Le mot « démocratie » provient étymologiquement de « dèmos »  qui signifie peuple et de « cratos » qui renvoie à la notion de pouvoir. Abraham LINCOLN a affirmé : « La démocratie est le gouvernement du peuple, par le peuple et pour le peuple ». Il semble donc logique d’imaginer que dans une démocratie, où le peuple a sensément le pouvoir, que les termes populisme et démocratie puissent se confondre. Le mot « peuple » a une charge symbolique intense et il existe une mythologie de la notion de peuple. Or, il n’y a pas de destins communs et universels. Le peuple est constitué d’un ensemble d’individus dissemblables ayant des intérêts contrastés, multiples et parfois opposés. Dans un même peuple, certaines de ses composantes en excluent d’autres, tout autant légitimes à en faire partie. Politiquement un peuple est un agrégat de multiples groupes humains aux orientations variées et différentes. Le populisme refuse cette réalité et considère de façon fantasmatique qu’il y a une unité du peuple. Il prétend avoir le monopole de la représentation politico-morale de cette entité imaginaire uniforme et homogène. Le populisme a une conception du peuple incompatible avec le pluralisme démocratique. Il refuse la diversité des opinions. Pour le populisme, le peuple est forcément souverain et pur. Toute contestation est considérée comme une anomalie, une déviance voire une forfaiture qu’il faut punir. Le populisme pervertit la démocratie car il n’accepte pas le droit au pluralisme des opinions et à l’opposition.

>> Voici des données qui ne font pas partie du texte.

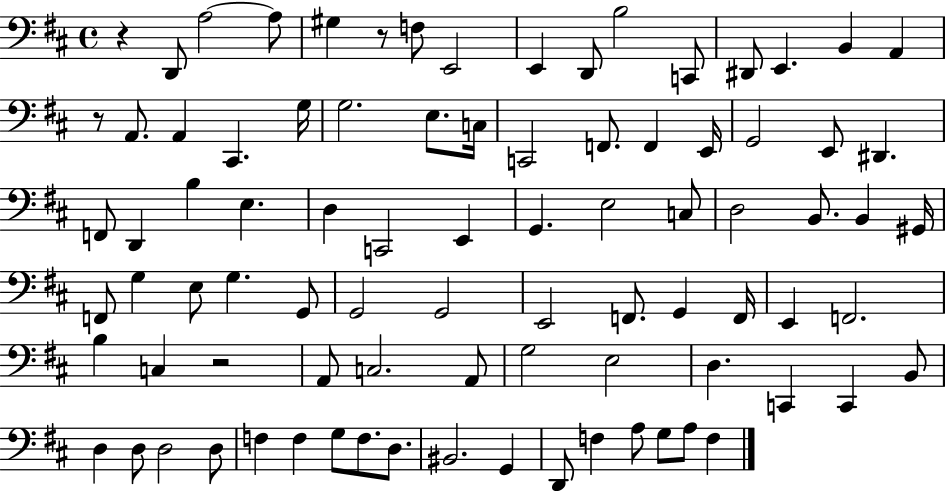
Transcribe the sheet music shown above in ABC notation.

X:1
T:Untitled
M:4/4
L:1/4
K:D
z D,,/2 A,2 A,/2 ^G, z/2 F,/2 E,,2 E,, D,,/2 B,2 C,,/2 ^D,,/2 E,, B,, A,, z/2 A,,/2 A,, ^C,, G,/4 G,2 E,/2 C,/4 C,,2 F,,/2 F,, E,,/4 G,,2 E,,/2 ^D,, F,,/2 D,, B, E, D, C,,2 E,, G,, E,2 C,/2 D,2 B,,/2 B,, ^G,,/4 F,,/2 G, E,/2 G, G,,/2 G,,2 G,,2 E,,2 F,,/2 G,, F,,/4 E,, F,,2 B, C, z2 A,,/2 C,2 A,,/2 G,2 E,2 D, C,, C,, B,,/2 D, D,/2 D,2 D,/2 F, F, G,/2 F,/2 D,/2 ^B,,2 G,, D,,/2 F, A,/2 G,/2 A,/2 F,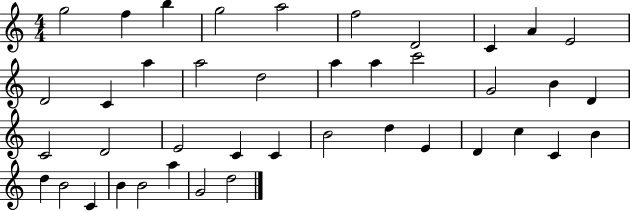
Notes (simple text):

G5/h F5/q B5/q G5/h A5/h F5/h D4/h C4/q A4/q E4/h D4/h C4/q A5/q A5/h D5/h A5/q A5/q C6/h G4/h B4/q D4/q C4/h D4/h E4/h C4/q C4/q B4/h D5/q E4/q D4/q C5/q C4/q B4/q D5/q B4/h C4/q B4/q B4/h A5/q G4/h D5/h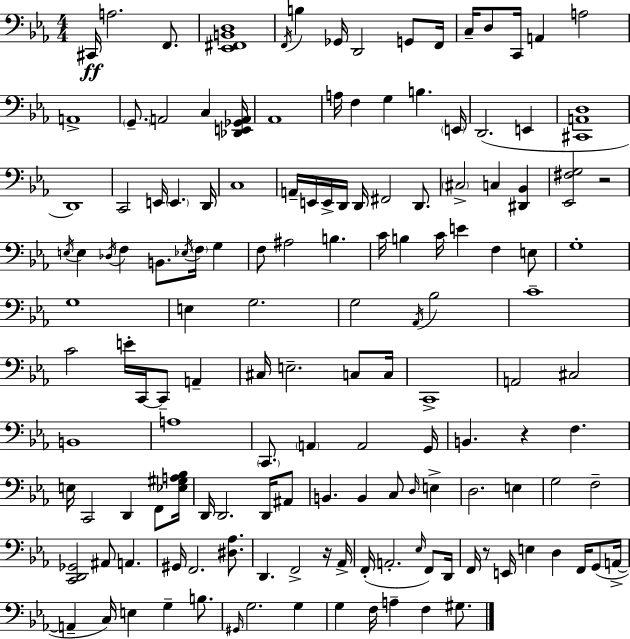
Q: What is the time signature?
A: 4/4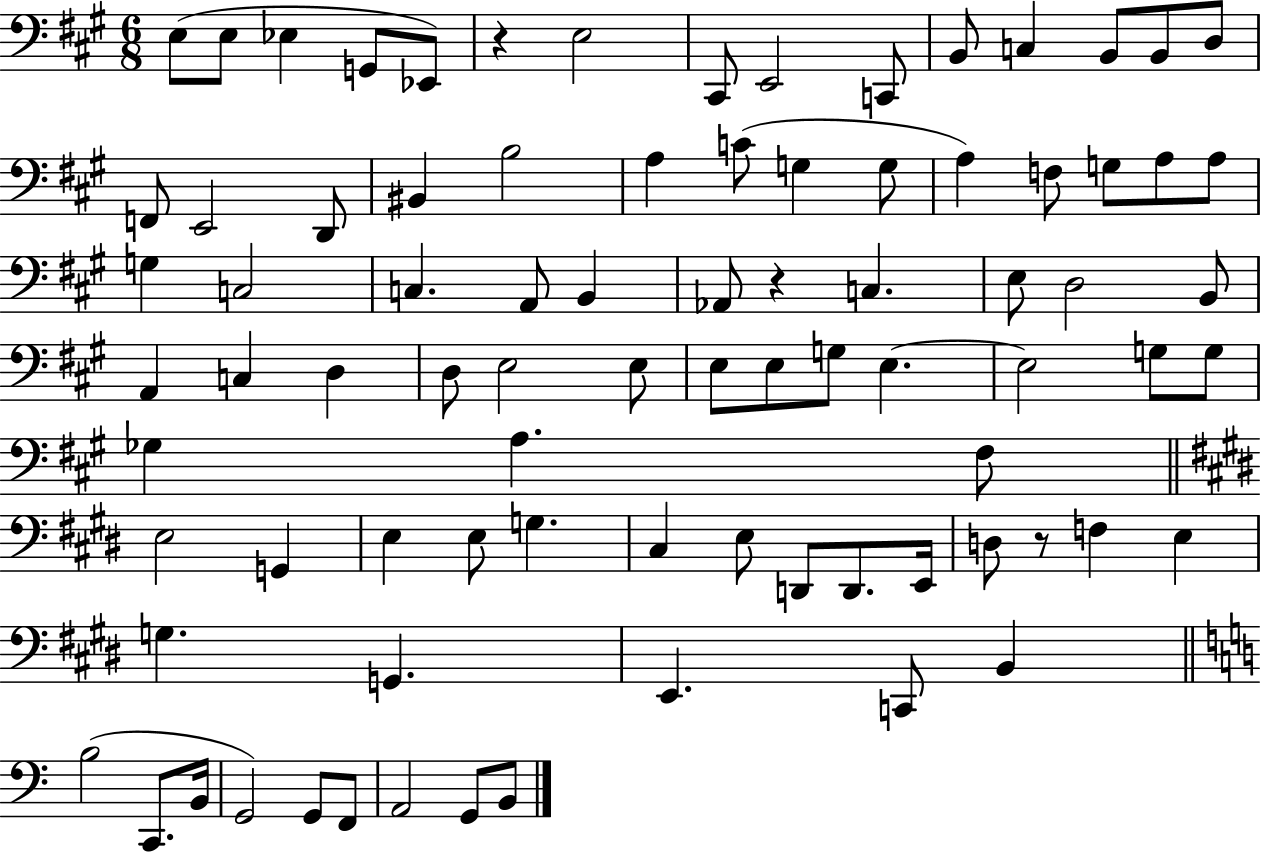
X:1
T:Untitled
M:6/8
L:1/4
K:A
E,/2 E,/2 _E, G,,/2 _E,,/2 z E,2 ^C,,/2 E,,2 C,,/2 B,,/2 C, B,,/2 B,,/2 D,/2 F,,/2 E,,2 D,,/2 ^B,, B,2 A, C/2 G, G,/2 A, F,/2 G,/2 A,/2 A,/2 G, C,2 C, A,,/2 B,, _A,,/2 z C, E,/2 D,2 B,,/2 A,, C, D, D,/2 E,2 E,/2 E,/2 E,/2 G,/2 E, E,2 G,/2 G,/2 _G, A, ^F,/2 E,2 G,, E, E,/2 G, ^C, E,/2 D,,/2 D,,/2 E,,/4 D,/2 z/2 F, E, G, G,, E,, C,,/2 B,, B,2 C,,/2 B,,/4 G,,2 G,,/2 F,,/2 A,,2 G,,/2 B,,/2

La démagogie est l’arme du populisme

Dans les mouvements populistes émerge toujours une figure de proue. Le meneur populiste affirme savoir ce que le peuple veut car il se prétend toujours en être issu. Sans ce guide héroïque, sans pouvoir fort et des médias de masse complaisants, le populisme ne peut subsister. De nos jours, pour s’imposer, le leader populiste doit être un tribun médiatique, un « bon client » télévisuel, au langage percutant, théâtrale, non politiquement correct. Il ne craint pas les outrances verbales et de mentir. Il lance des formules chocs, des attaques ad hominem. Il manie la mauvaise foi, la rumeur et la provocation. Pour susciter une adhésion irrationnelle et empêcher de penser par soi-même et toutes critiques, les responsables populistes fabriquent des boucs émissaires : Les migrants mexicains pour le Président américain Donald Trump ; l’Europe pour le Premier ministre anglais Boris Johnson ; l’étranger et les musulmans pour Geert Wilders, patron de l’extrême droite néerlandaise ; les castes dirigeantes pour les « gilets jaunes » ; les noirs, les femmes et les homosexuels pour le Président brésilien Bolsonaro… A partir de ce bouc émissaire le populiste construit un discours démagogique simpliste, qui flatte les instincts et les émotions. Les partisans séduits par ce discours doivent se comporter en membres de fan club pour satisfaire la soif de pouvoir personnel du maître à penser. Un chef de parti populiste est constamment démagogique. La démagogie est l’arme idéale afin de s’accaparer du pouvoir et saccager la démocratie.

« Le triomphe des démagogies est passager, mais les ruines sont éternelles », constate Charles Peguy.